E. em um novo prefácio à edição de décimo aniversário do Intercourse (1997), Andrea explica por que ela acredita que este livro continua a ser mal interpretado:
[S]e a experiência sexual de alguém sempre e sem exceção foi embasada em dominância - não apenas atos evidentes, mas também suposições metafísicas e ontológicas - como ele pode ler este livro? O fim da dominância masculina significaria - no entendimento de tal homem - o fim do sexo. Se você erotizou um diferencial em poder que inclui a força como uma parte natural e inevitável do coito, como você poderia entender que este livro não diz que todos os homens são estupradores ou que todo coito é estupro? A igualdade no âmbito do sexo é uma ideia antissexual se o sexo requer dominação a fim de se registrado como uma sensação. Por mais triste que eu esteja em dizê-lo, os limites do velho Adão - e o poder material que ele ainda tem, especialmente na editoração e na mídia - estabeleceram limites sobre o discurso público (tanto por parte de homens quanto de mulheres) sobre este livro [páginas ix-x].

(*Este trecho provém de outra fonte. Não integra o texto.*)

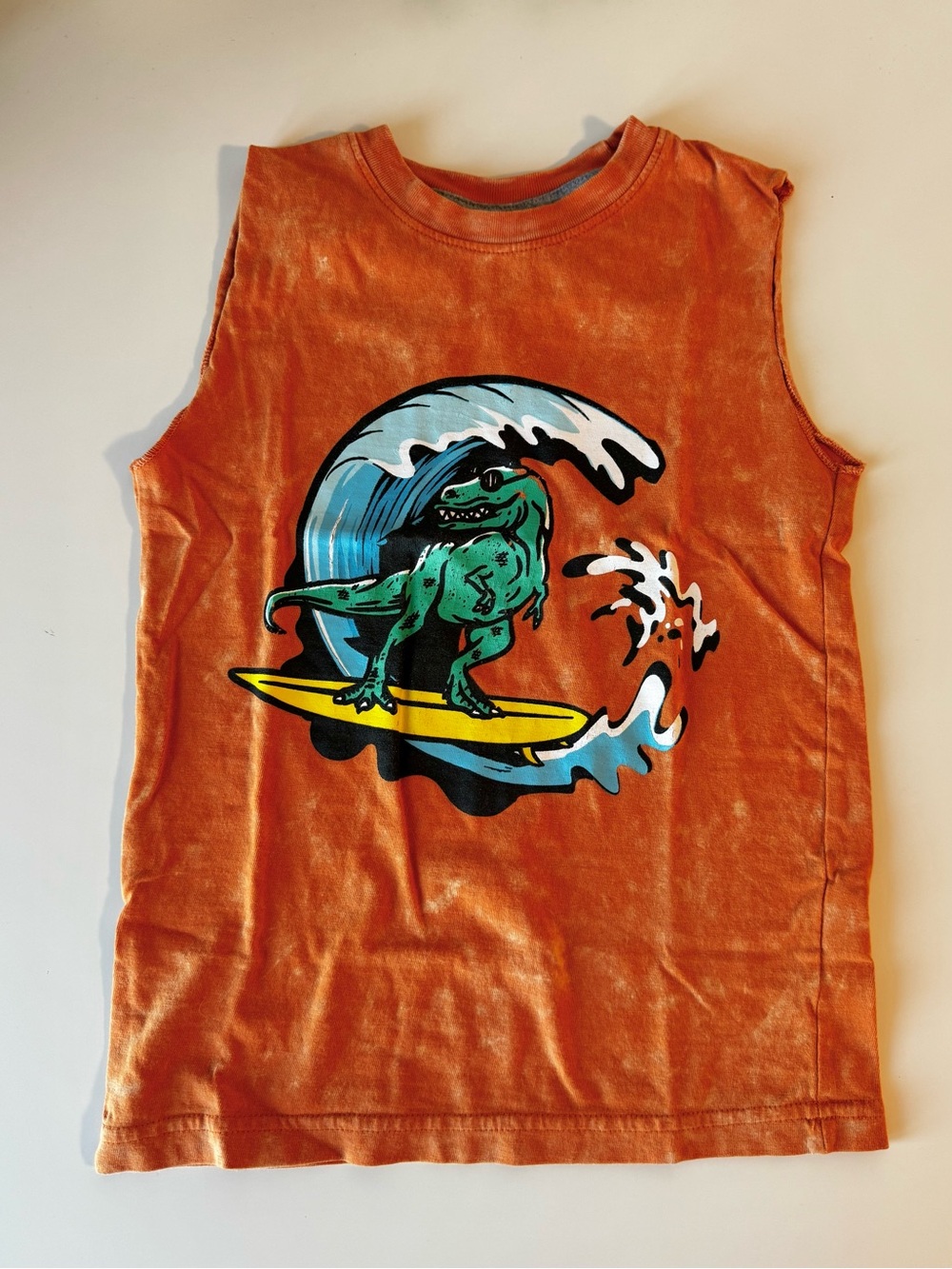 Mish Boys Surfing Dinosaur Tank Top Orange Graphic Shirt Size 5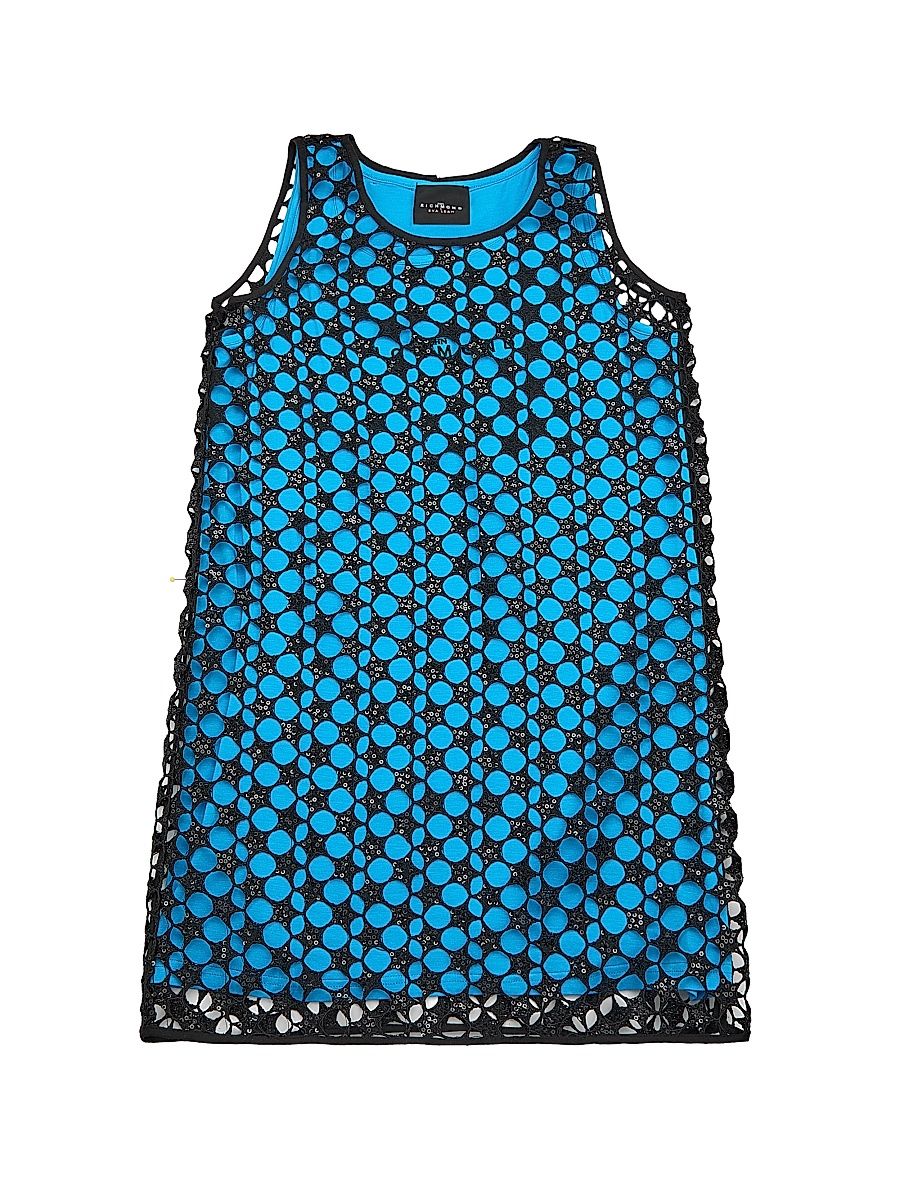 Little Girl's & Girl's Star Embellished Sleeveless Dress - Black - Size 16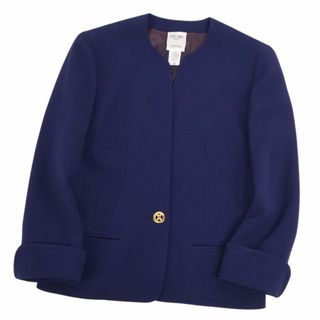 セリーヌ(celine)のVintage セリーヌ CELINE ジャケット ノーカラージャケット マカダムボタン ウール アウター レディース 38(M相当) ネイビー(その他)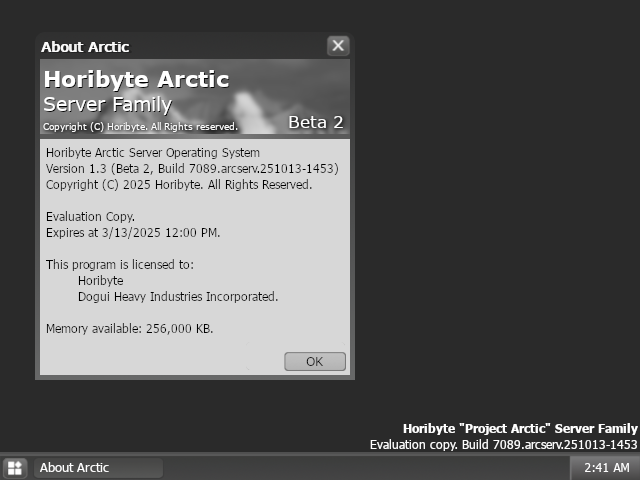 Horibyte Arctic Server Family Beta 2 Build 7089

Eu espero que isto tenha ajudado a esclarecer a questão um pouco. Isto pode ser um pouco fraco para um "Myth-Busting Monday" - já foi tratado pelo feministe, sem mencionar pela própria Andrea Dworkin (através das estilizações web de Nikki Craft). Não obstante, continua aparecendo, então eu acho que vale a pena continuar a martelar o ponto, e - se nada mais - escrever algo para o Google sobre a questão e aumentar um pouco o Google juice de outros artigos que tocam no mesmo ponto. Se eu conseguir detonar o mito na cabeça de uma pessoa, então eu ficarei bastante contente; se eu conseguir fazer uma pessoa ou outra realmente ler o Intercourse antes que ela comece a guinchar para que ele seja queimado, então eu ficarei francamente exultante.